Government shutdown and Planned Parenthood: Take the carbon emissions, leave the pap smears

John Boehner's tanning beds, as an "essential service," will still be operational during the shutdown.

So, the government might shut down tonight at midnight. Awesome! "Mad Max"-style anarchy, coming our way! (Metro is looking for challengers who want to fight us in the Thunderdome, as we speak!)

The basic issues are these: Congressional Democrats say that they and the Republicans are close to a budget numerically, but that negotiations have been held up by social issues, namely sexual health and environmental regulation. The GOP has indicated it wants to devolve federal government’s support of Planned Parenthood to the state level, where legislatures can decide which kind of "women’s health" they want to fund. (As Jezebel points out, this would not be good.) Republicans also want to restrict the EPA’s authority to regulate carbon emissions, because, hey, why not?

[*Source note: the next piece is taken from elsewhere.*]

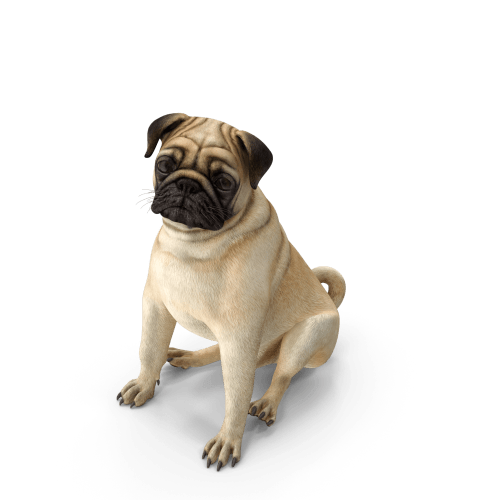 Cane carlino seduto, colorazione beige e nera, che rappresenta CONDHOTEL VIENNA a Pesaro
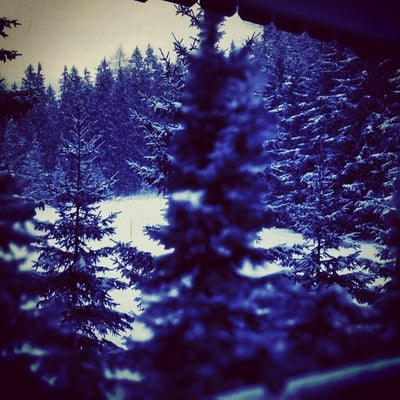 Hotel Waldhuus Davos by null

(It should also be noted here, of course, that Democrats have also implemented social policy changes through spending bills, though they say that they’ve never done it with a shutdown hanging over everyone’s heads.)

So here’s where we stand now:

»Legislators in both houses of Congress are fighting a PR battle in the wake of news that — unlike many other federal employees — they will continue to be paid during the shutdown that they caused. Already House Speaker John Boehner is saying he’ll forgo his paycheck, and NBC News’ Luke Russert is leading a Twitter campaign for voters to convince their Senators and representatives to do the same.

»Meanwhile, both parties continue to blame each other. (Shocking, we know.) Harry Reid is blaming the Tea Party and their "extreme social agenda," which makes sense but is also odd if you think about it for a few seconds because the Tea Party just a bunch of protesters, not people in suits in Washington, right? Meanwhile, Boehner has said that Democrats are "not serious" about cutting spending, which sort of true, but also sort of means "not serious about taking money away from the people we want to take it away from and give it to the people we want to give it to."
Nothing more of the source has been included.